El sábado fue mi último día, después de 6 años, del medicamento contra la ansiedad. Nunca quise saber qué era exactamente. Me quedé con su nombre comercial y con lo que me dijo el médico: era apenas un empujón para la química desbalanceada de mi cerebro que me inducía a los ataques de pánico. No era adictiva.
Se suponía que hace dos o tres años tenía que haber sacado cita para empezar a dejarla, pero tenía miedo. Miedo de que los ataques volvieran. Miedo por la gente que había conocido que la tomaba y me recomendaban no soltarla nunca. Miedo de volver a sentir tanto miedo.
Fui por vanidad. Me habían mandado un medicamento para bajar de peso y estaba funcionando. Y estoy convencida que esos medicamentos para ansiedad, te ponen gorda. Para cuando tuve los ataques pesaba 80 kilos. Para junio del año pasado, llegué a pesar 40 más y llevaba así dos o más años.
Así que fui y el doctor dijo que me veía bien e hicimos un plan para dejarlas poco a poco y me dijo y me convencí que no me harían falta, que el ejercicio compensaba, que yo había crecido como persona, que estaba mejor, que la terapia funciona, aunque atrás, en la parte oscura de la mente me veía a mí misma tras bambalinas dando un discurso sonriente y valiente sabiendo que ni yo misma me lo creía.
Las primeras dos semanas sudaba de repente a chorros, sin saber porqué, en días fríos y ventosos. El sueño muy ligero, me costaba dormirme y me despertaba con cualquier cosa, pero llena de energía, sin cansancio. Pesadillas constantes. Y sin embargo, totalmente eléctrica, urgida, acelerada, como si necesitara hacer mil cosas, salir para algún lado, casi eufórica, frenética.
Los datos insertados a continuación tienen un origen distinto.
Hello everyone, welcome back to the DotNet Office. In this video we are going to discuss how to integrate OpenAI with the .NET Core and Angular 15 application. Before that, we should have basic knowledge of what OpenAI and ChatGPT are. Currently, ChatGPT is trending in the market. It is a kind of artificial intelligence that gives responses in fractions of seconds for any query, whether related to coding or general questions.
Pasó. Hubo días de mucha furia. Días en que sentía ganas de romper cosas o personas. Y darme cuenta que ese enojo no era mío. Era más que yo. Una cosa ajena, irreconocible por su intensidad.
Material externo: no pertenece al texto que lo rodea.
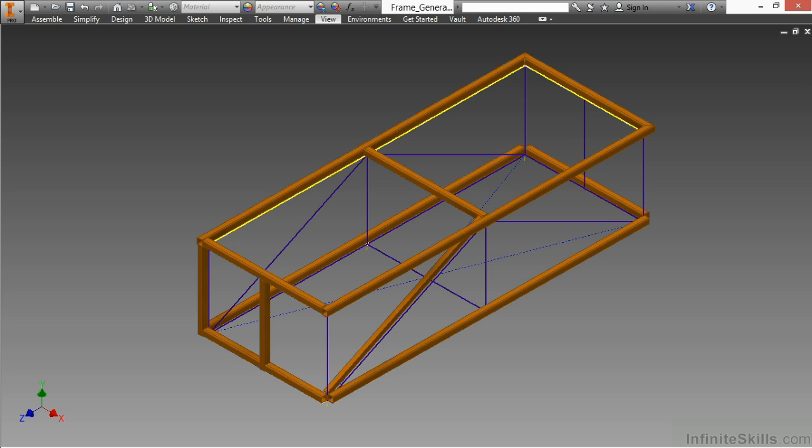After that, we'll move on to frame generator, where we'll see how to work with skeletons, as well as the generated frames from those skeletons, for quick and easy modifications of frame-type designs.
Y después, días de tristeza. Nostálgica, infantil. No pensé que llevarte al kinder iba a ser un asunto tan emocional. Traté, te lo juro, de no hacer de la mañana un evento tenso, pero me caí en el baño y vos no te querías levantar. Después no te querías bañar. No querías desayunar ni vestirte. Todo estaba en el lugar perfecto para ser un desastre.
Así que de camino, usando youtube porque no sé usar Spotify te puse tus canciones favoritas y las mías y cantamos los 25 minutos que nos tomó llegar de primeros para esperar al sol. Pensaba en vos, sí, pero egoístamente pensaba más en mí.
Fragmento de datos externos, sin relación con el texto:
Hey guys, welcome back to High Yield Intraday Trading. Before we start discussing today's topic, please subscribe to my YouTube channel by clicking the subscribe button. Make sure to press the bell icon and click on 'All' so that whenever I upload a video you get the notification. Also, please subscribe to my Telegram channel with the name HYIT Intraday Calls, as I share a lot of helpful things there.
Llegaron imágenes de infancia, de la clase de música en la escuela cuando aprendimos canciones de Roberto Carlos. Y se me salieron las lágrimas.
Yo no esperaba que tu entrada al kinder me revolcara así y tanto. Pero al dejarte feliz y tranquilo en la clase, de primero, armando un rompecabezas, la que tenía lágrimas en los ojos era yo.
Y he estado pensando que tal vez tenga que ver con esa etapa de mi infancia, que recuerdo tan oscura, tan conflictiva. Una zona nublada donde de repente aparecían cosas que me daban miedo y yo sola, sin poder defenderme, vulnerable e indefensa ante lo que pasara.
Yo quisiera protegerte de eso. Quisiera que tu experiencia fuese otra. Que seás un hombre que recuerde con cariño todos esos primeros días y primeras veces.
Tal vez por eso, cuando te portás tan mal y hacés berrinche y te negás a participar en todo y gritás y te enojás y no hacés caso y testarudamente te negás a decir qué pasa y después te me acurrucás y me decís muy triste que extrañás a tus amigos del otro kinder, tengo miedo que de estés repitiendo lo mío o peor aun, que sin darme cuenta, te esté transmitiendo ese miedo tan viejo, que ahora resurgió, brilante y ajeno.